If you’re like me, you balk at the very idea of an “idea aide,” one of those little activity books used in undergraduate writing seminars to allow uncreative people to produce creative-looking content without putting too much thought or effort into it. Okay, I’m probably giving them too hard a time; there is the really cool, coincidental fact that the phrase “idea aide” is just the same word repeated with a single letter transposed. As writers, we all have our personal process, whether it involves meditation, booze, drugs, crosswords, sports equipment, music (or nonmusic). But that’s just the thing: as a writer, your process is personal. It’s, essentially, what defines you as a writer. What greater admission of weakness is there than to “stoop” to playing fill-in-the-blank games or silly parlor activities?
It probably is just me. I can be pretty stuck-up and stubborn, and will go to great lengths to avoid even the faintest whiff of intertextuality. At the same time, it’s hard for me to deny the appeal of certain works of conceptual writing, nor the importance of unusual triggers to shock us out of our usual ways of thinking and creating. It’s from that angle that I am going to review Storyteller Cards, a totally unique deck of playing cards (and more) designed by game designer Jason Tagmire (Pixel Lincoln) and illustrated by visual artist Campbell Whyte (8-Bit Dreams, Home Time).

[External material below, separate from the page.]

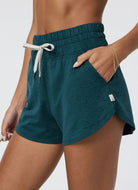 Vuori Women's Halo Performance Short 2.0 in Moss Heather Close Up Side View With Hand in Pocket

This is an item I would never have expected to incorporate into my writing practice. Though I’m listing this review in the “Games” category, Storyteller Cards isn’t a game as you’d traditionally characterize it. Rather, it is a creative resource, in the same way that gold is a mineral resource. This pocket-sized deck of playing cards features, get this, 1080 unique triggers to jumpstart your creative juices. The face of each card is a surreal intersection of elements, including:
1) A CHARACTER or archetype, such as bride or postal worker;
2) An ACTION, such as listening, rolling or waving;
3) An OBJECT, such as a jack-in-the-box, a key or a phial of poison;
4) A LOCATION, such as a museum or parking lot;
5) A MOOD–happy, angry, sad, scared, surprised, crafty;
6) A LETTER in the Latin alphabet, which is also depicted in a primary or secondary color;
7) A SEASON, represented by an icon with its own unique sub-identifiers so that every card is different;
8) And a RANK and SUIT…these are playing cards, after all.
For example, the card pictured above features a PILOT LICKING HONEY in a CAR, with the ANGRY mood, a GREEN G, and a (uniquely shaped) snowflake representing WINTER. It is also the SEVEN of HEARTS. They get much stranger. How about a chef angrily poking a rock? A magician listening to an hourglass on the moon? A sailor tearing up a Dear John letter in a space shuttle? A robber riding on a toy truck in a cemetery?

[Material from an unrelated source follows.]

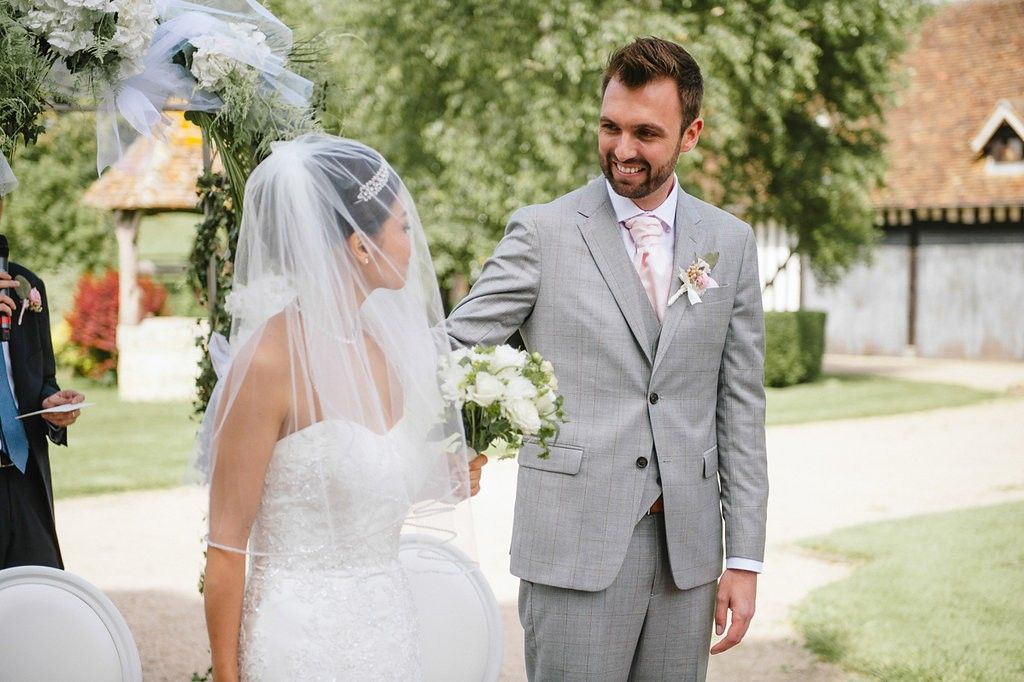 Groom in grey suit smiles at veiled bride during outdoor wedding ceremony beside rustic building.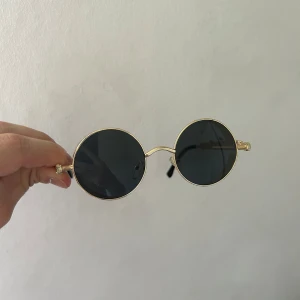 Runda solglasögon med guldfärgade bågar - Snygga runda solglasögon med tunna guldfärgade metallbågar och mörka svarta glas. Skalmarna är svarta och ger en cool retrostil. Perfekta för att lyfta din look med en unik touch.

The intended use is…well, anything you’d like it to be. The Storyteller Cards box says it’s for “Gamers, Role Players, Writers, Artists, Children, Parents, Teachers and You!” and I’d be inclined to agree–the utility of the deck encompasses all those audiences and then some. As I said, this is a resource. There isn’t any specific game that Storyteller Cards are designed to play, but Tagmire has provided a 66-page “Storyteller’s Manual” featuring over a dozen suggested activities contributed by writers, artists and game designers. Many of these are fairly basic writing exercises refocused around this magical deck. For instance, author and third grade teacher Gaetan Pappalardo (Louie Licks and the Wicked Snakes) contributed the ultra-simple “25 Word Stories,” which simply has players draw a card and write a piece of 25-word nanofiction about the scene depicted. For instance…

Charles used to hunt elephants, leopards and rhino, until he discovered an even bigger game. The only problem was how to mount his new “trophies.”
Tagmire himself contributes a few suggestions, one of which is little more than an unfunny Mad Libs for very small children. His “Director’s Cut” is much better. Players draw cards, one at a time, to inspire the setting, characters, relationship, goal, conflict, resolution and big twist of a movie pitch, wrapping it all up with a creative title. You might think that drawing the cards in order would make the player/storyteller lack a sense of ownership of the resulting story, but this is where the Storyteller Cards shine. You don’t have to use the background of the card to suggest the setting–you could just as easily draw inspiration from the character, the item, what they’re doing with it, or even the mood or season. The surreal mishmash of elements makes it unexpectedly easy to pick out a single element and divorce it from the scene as a whole. You might have expected to see the astronaut aboard the space shuttle or on the moon, but he’s kicking diamonds in a cave. Because of the lack of conventional logic tying the elements on the cards together, it makes them almost like Rorschach blots, individual elements subliminally rising to the surface as a reflection of where your inner mind. The illustrations are also lovely works of absurdist art all on their own, particularly as crafted by Whyte, whose isometric line drawings and clever use of muted colors accentuate the absurdity of the dream-like tableaux.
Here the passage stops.